Towards end-host-based identification of competing protocols against TCP in a bottleneck link

Classical Transmission Control Protocol (TCP) designs have never considered the identity of the competing transport protocol as useful information to TCP sources in congestion control mechanisms. When competing against a TCP flow on a bottleneck link, a User Datagram Protocol (UDP) flow can unfairly occupy the entire link bandwidth and suffocate all TCP flows on the link. If it were possible for a TCP source to know the type of transport protocol that deprives it of link access, perhaps it would be better for the TCP source to react in a way which prevents total starvation. In this paper, we use coefficient of variation and power spectral density of throughput traces to identify the presence of UDP transport protocols that compete against TCP flows on bottleneck links.
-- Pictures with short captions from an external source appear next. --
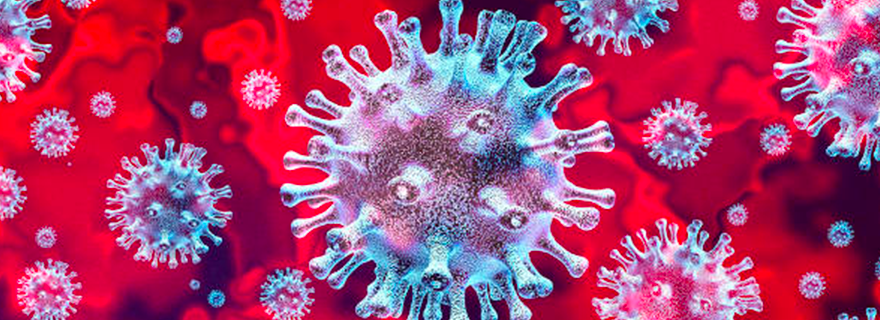 Coronavirus: Da Roma confermano il caso della 24enne di Caserta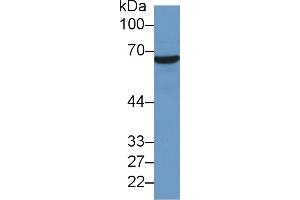 Western Blot; Sample: Human Hela cell lysate; Primary Ab: 2µg/ml Mouse Anti-Human HSPA1A Antibody Second Ab: 0. (HSP70 1A anticorps  (AA 285-641))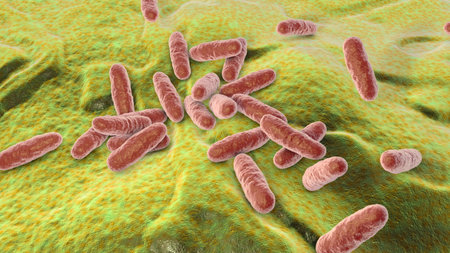 Clavibacter bacteria, 3D illustration. Plant pathogenic bacteria. Clavibacter sepedonicus causes ring rot disease in potato. Clavibacter michiganensis affects potatoes and tomatoes.の写真素材
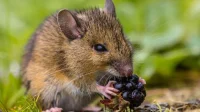 Perubahan Iklim dan Ledakan Populasi Tikus Meningkatkan Risiko Hantavirus di Indonesia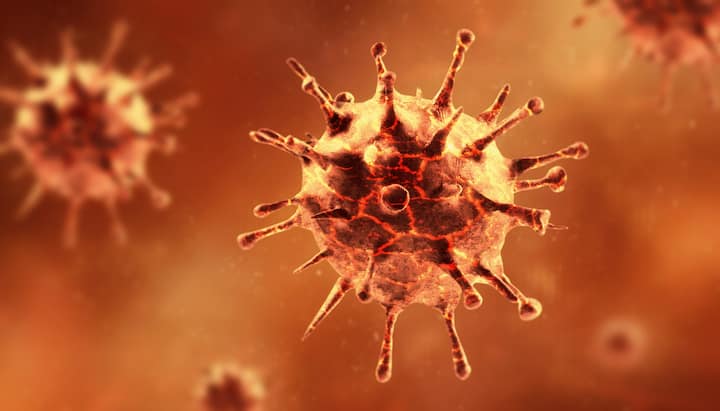 Trong 6 nhóm triệu chứng chủ yếu liên quan đến người bị viêm phổi Vũ Hán, phổ biết nhất là bị đau đầu. Hình ảnh virus viêm phổi Vũ Hán (Nguồn: Panorama Images /Shutterstock).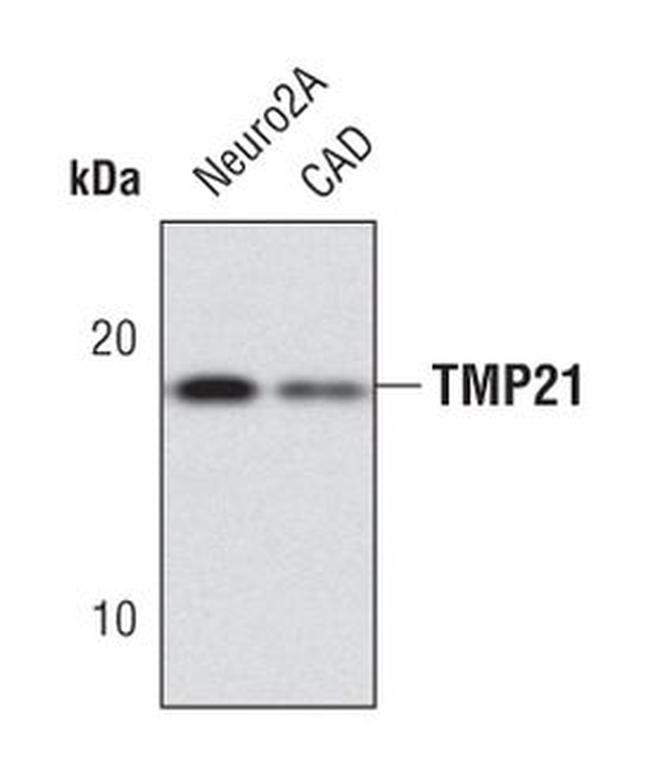 TMP21 Antibody in Western Blot (WB)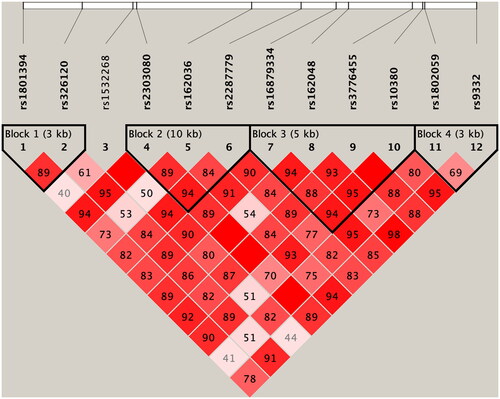 Figure 1. Linkage disequilibrium tests for maternal MTRR gene polymorphisms between CHD group and control group.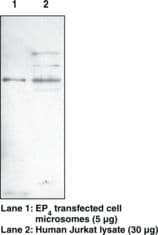 IHC-plus™ PTGER4 / EP4 Antibody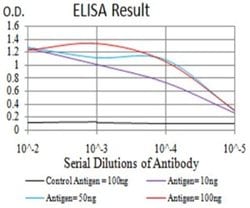 POMC Antibody (6D2B5) - BSA Free, Novus Biologicals:Antibodies:Primary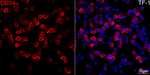 CD34 Antibody in Immunocytochemistry (ICC/IF)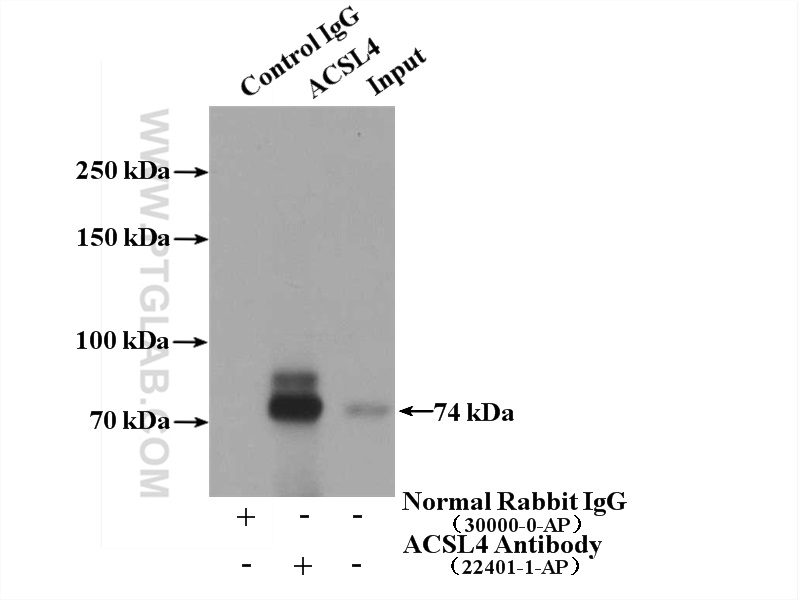 IP Result of anti-ACSL4 (IP:22401-1-AP, 4ug; Detection:22401-1-AP 1:1000) with COLO 320 cells lysate 2000ug.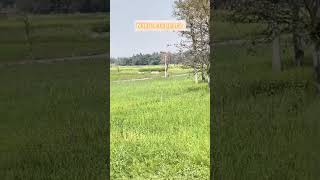 Nature is peace 🕊️ #trendingshorts #viral #videos #motivation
Our results show clear traits that differentiate the presence of competing UDP flows from TCP flows independent of round-trip times variations. Signatures that we identified include an increase in coefficient of variation whenever a competing UDP flow joins the bottleneck link for the first time, noisy spectral density representation of a TCP flow when competing against a UDP flow in the bottleneck link, and a dominant frequency with outstanding power in the presence of TCP competition only. In addition, the results show that signatures for congestion caused by competing UDP flows are different from signatures due to congestion caused by competing TCP flows regardless of their round-trip times. The results in this paper present the first steps towards development of more ’intelligent’ congestion control algorithms with added capability of knowing the identity of aggressor protocols against TCP, and subsequently using this additional information for rate control.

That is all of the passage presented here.